In some patients with arterial hypertension and no prior history of kidney disease, concomitant use of lisinopril and diuretics has led to mild, transient increases in blood urea nitrogen and serum creatinine. If this occurs during Lisinopril-N therapy, the combined drug should be discontinued. Therapy may be resumed after dose reduction or with one of the components administered separately.
Post-kidney transplant state
As there are no data on the use of lisinopril in patients after kidney transplantation, administration of the drug to this patient group is not recommended.
Patients undergoing hemodialysis
The use of Lisinopril-N is not indicated in patients undergoing hemodialysis due to renal failure.
Anaphylactic reactions in patients undergoing hemodialysis
A high risk of anaphylactic reactions has been reported in patients undergoing hemodialysis with high-flux membranes (e.g., AN 69) while receiving concomitant ACE inhibitor therapy.
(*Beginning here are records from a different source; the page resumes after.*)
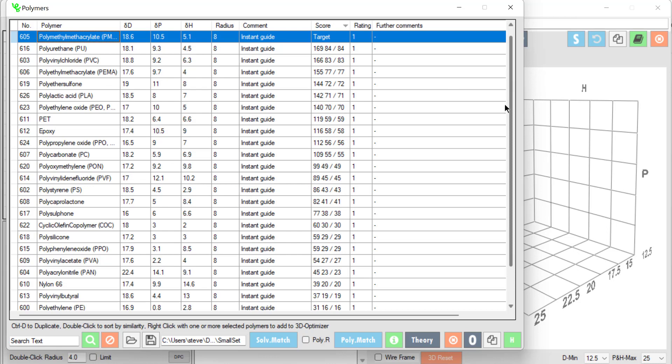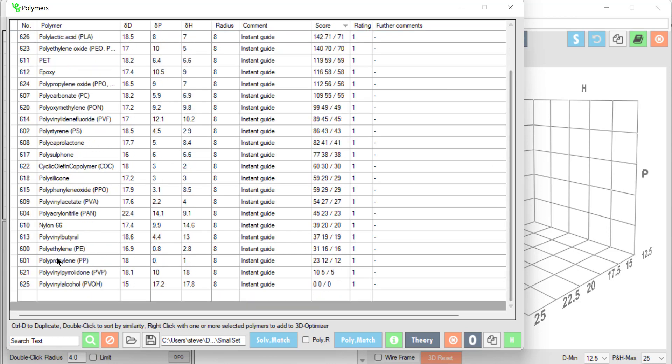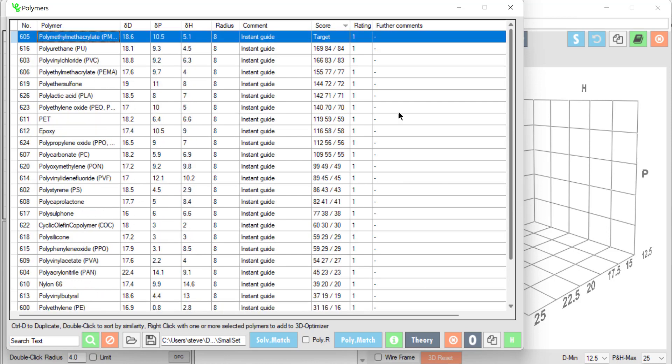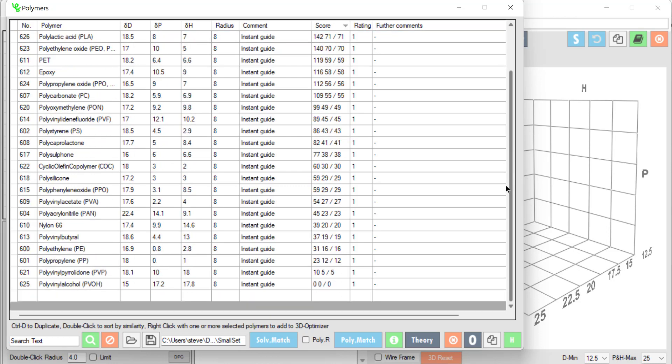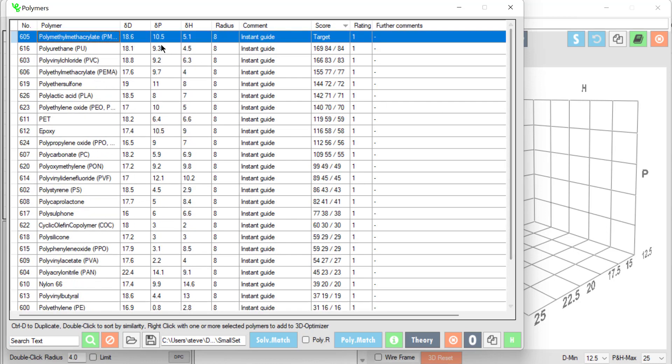And if I go to the bottom I find that polyvinyl alcohol is very far away because it has a very high DH. So that's very different from this DH. And I also find that polypropylene has a very different DP and DH from our DP and DH. So we have them sorted by distance. So we can find compatibilities between polymers.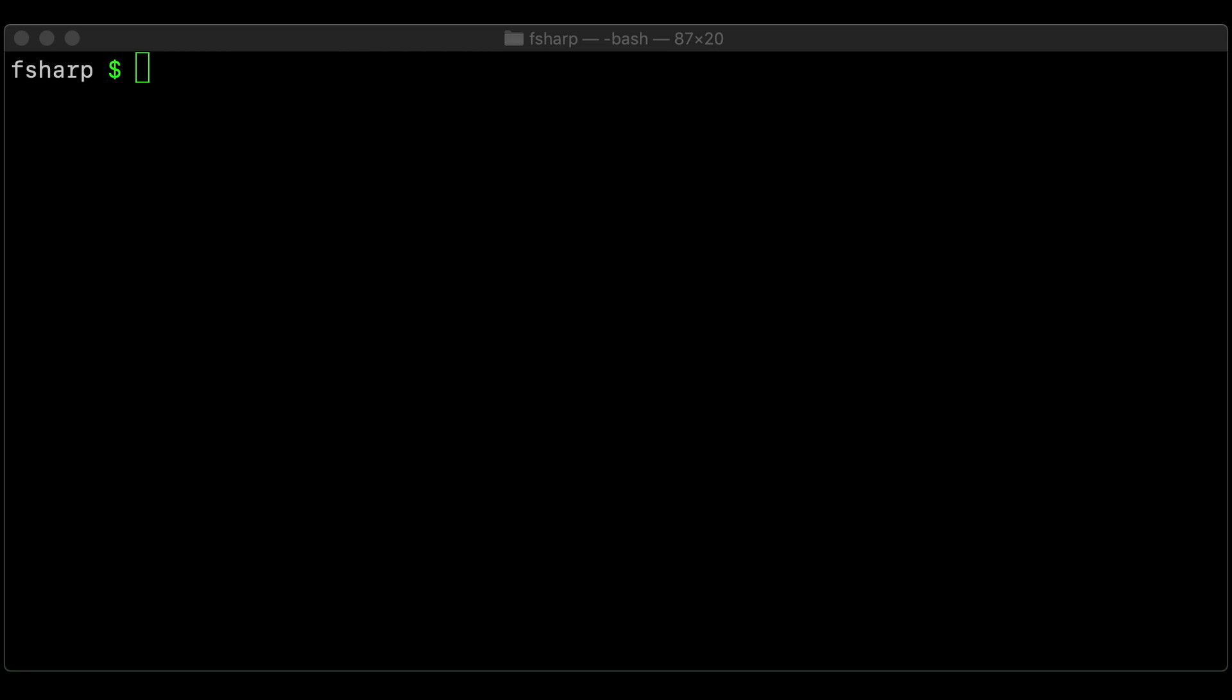Hi there, I was asked how long it takes a F-Sharp program to initially boot up, and I'd never run a F-Sharp program before, so I thought I'd give it a go on macOS, and here's how I did it.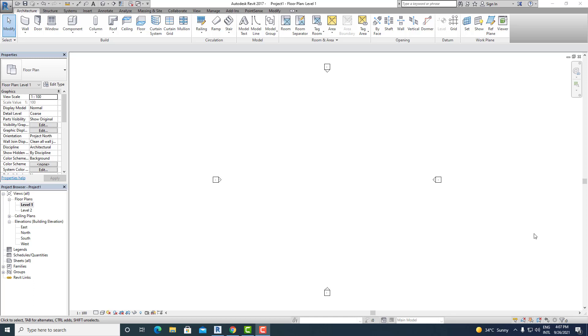Hi everyone, welcome to BIM Parametrix. This is Mohamad Shahrokh and in today's quick video of Revit architecture, I'm going to show you how to sort floor plans in your project browser by their height.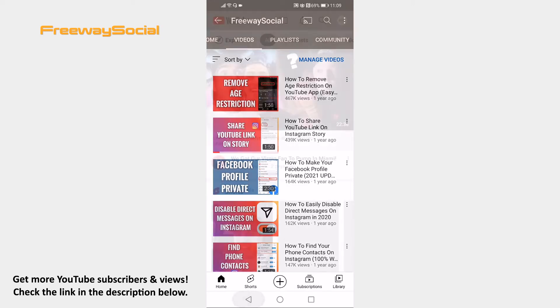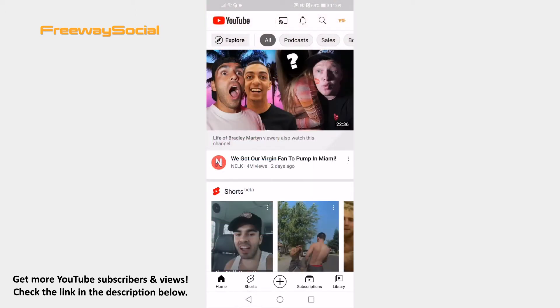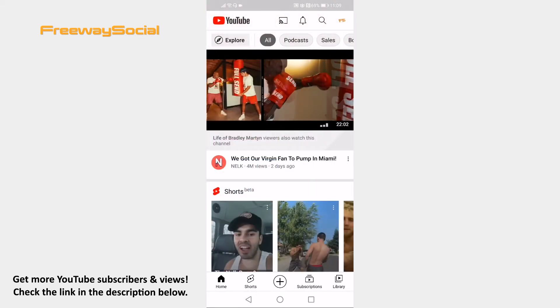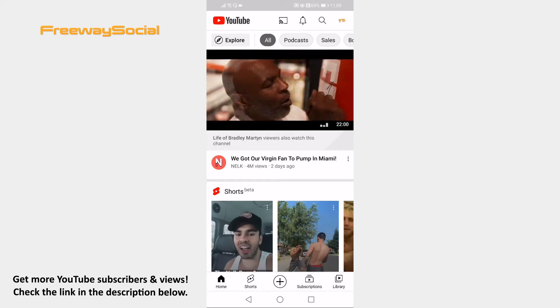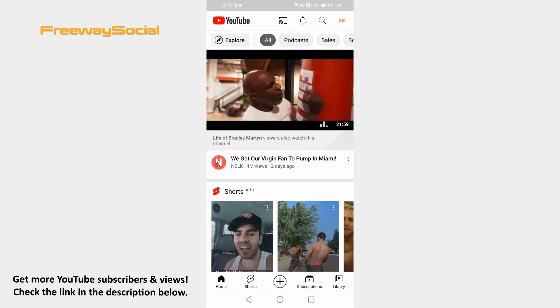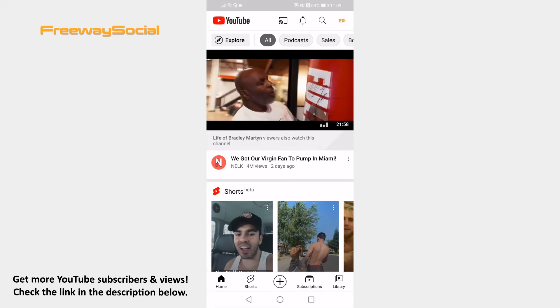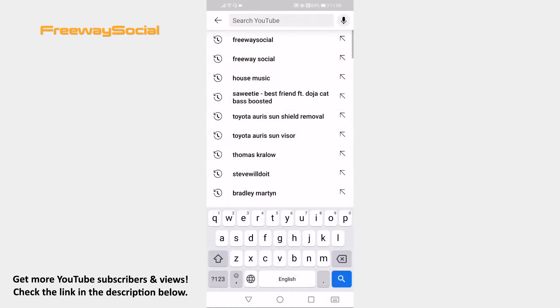Open the YouTube app on your mobile phone and make sure to login to your YouTube profile. Now tap on the search icon at the top of your screen. Proceed by typing in the name of a YouTube channel.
For such patients, consideration should be given to using a different type of dialysis membrane or prescribing another class of antihypertensive agents.
Liver disease, hepatic impairment
Very rarely, ACE inhibitors have been associated with a syndrome beginning with cholestatic jaundice and progressing to fulminant hepatic necrosis, sometimes fatal. The mechanism of this syndrome is unclear. Patients who develop jaundice or show marked elevation of liver enzymes during treatment should discontinue Lisinopril-N and remain under appropriate medical supervision.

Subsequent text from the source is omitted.